Content starts
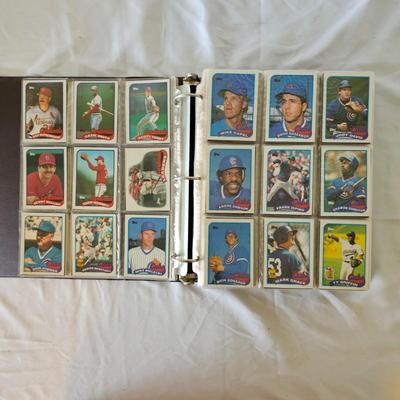 1987, 1988, 1989 Topps Baseball Cards in Binders (BO-JS)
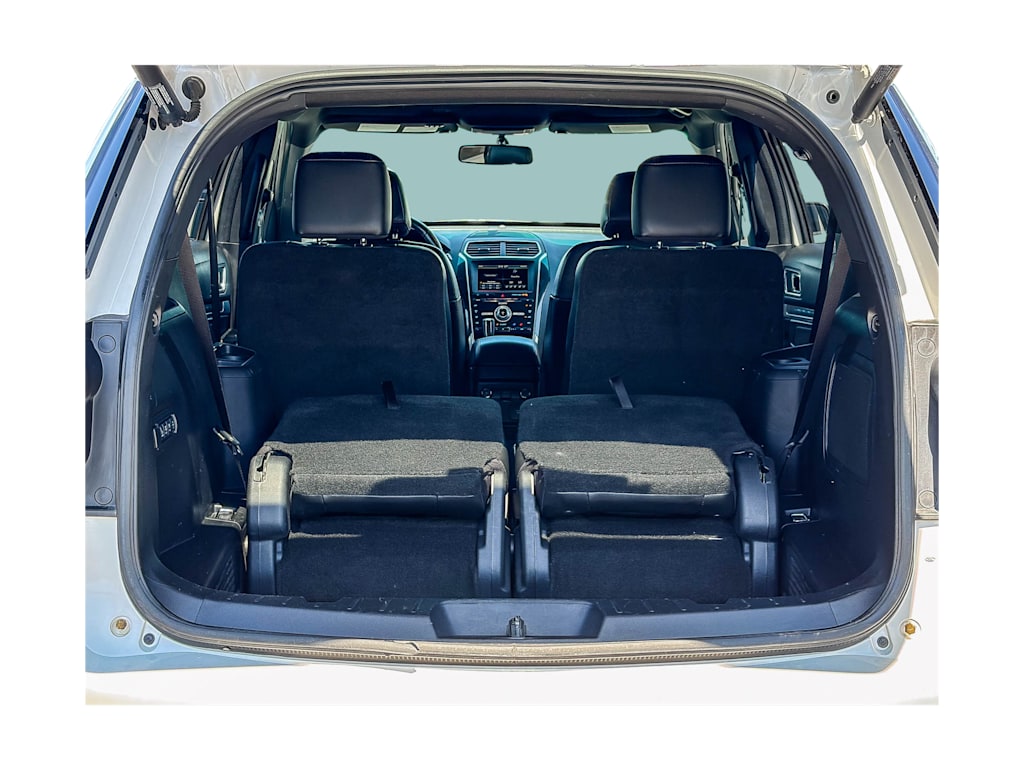 Thumbnail: 2016 Ford Explorer - 14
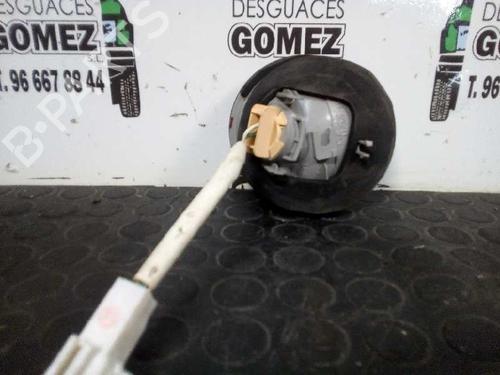 Used Rear fog light LEXUS IS I (_E1_) 200 (GXE10) (155 hp) 12812345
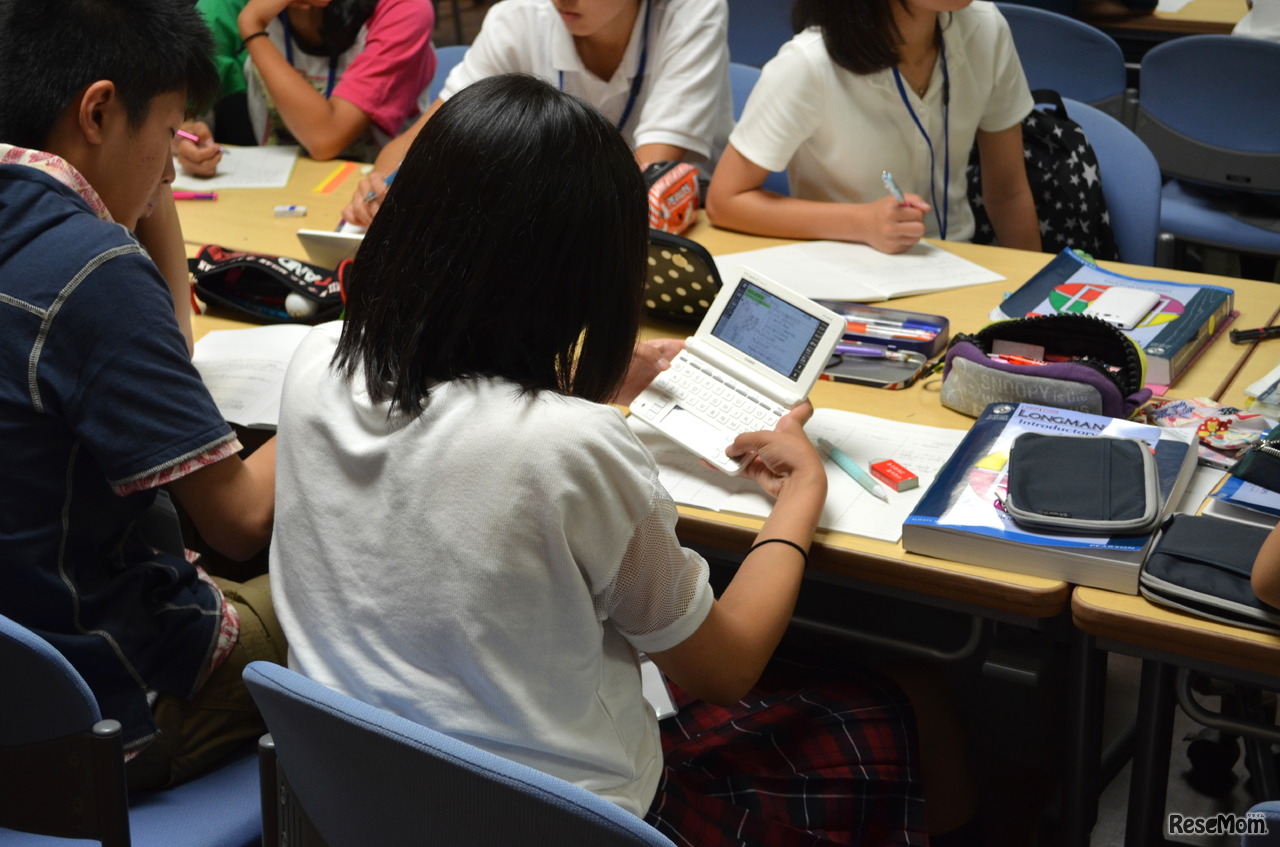 必要に応じて電子辞書を活用する生徒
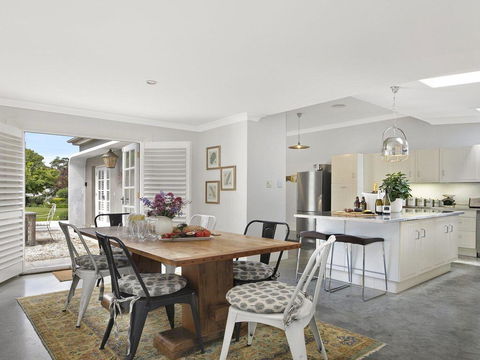 Nattai Lodge - House & Cottage In Beautiful Garden - Tourism Brisbane 1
Content ends
• _EXERCISE INSTRUCTIONS_: Quote the preceding records in their entirety, excluding every picture.

• _RESPONSE BOX_:
 1987, 1988, 1989 Topps Baseball Cards in Binders (BO-JS)
 Thumbnail: 2016 Ford Explorer - 14
 Used Rear fog light LEXUS IS I (_E1_) 200 (GXE10) (155 hp) 12812345
 必要に応じて電子辞書を活用する生徒
 Nattai Lodge - House & Cottage In Beautiful Garden - Tourism Brisbane 1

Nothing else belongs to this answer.